● Task description
Transcribe the listing exactly, leaving out every picture.

● Data shown
::::

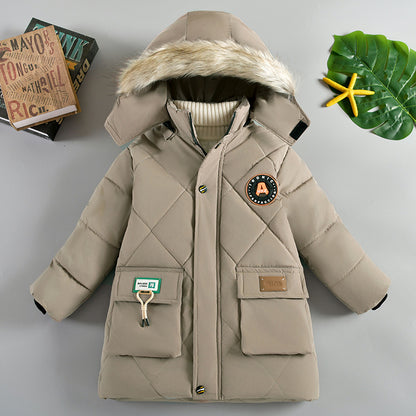 The Winter Solid: Boys’ High-Density Thick Cotton-Padded Jacket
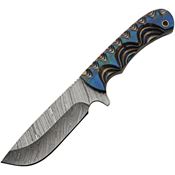 Damascus 1334 River Hunter Damascus Fixed Blade Knife Blue Handles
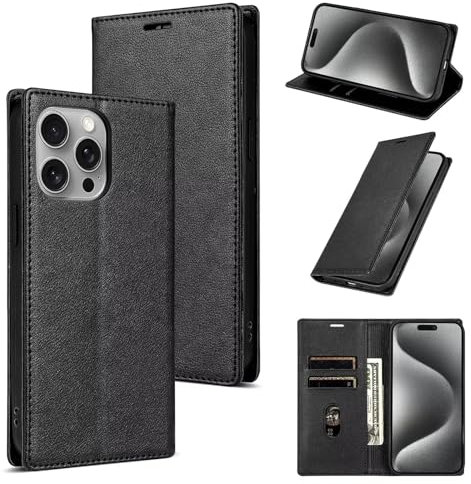 Beajew Handyhülle für Moto E20/E30/E40, PU Leder Handyhülle [Stand Feature] [Kartenfachr] [Magnetic Closure Snap] [Premium PU Leder] Klappbar Flip Case,stoßfest-Schwarz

::::

● Problem solution
 The Winter Solid: Boys’ High-Density Thick Cotton-Padded Jacket
 Damascus 1334 River Hunter Damascus Fixed Blade Knife Blue Handles
 Beajew Handyhülle für Moto E20/E30/E40, PU Leder Handyhülle [Stand Feature] [Kartenfachr] [Magnetic Closure Snap] [Premium PU Leder] Klappbar Flip Case,stoßfest-Schwarz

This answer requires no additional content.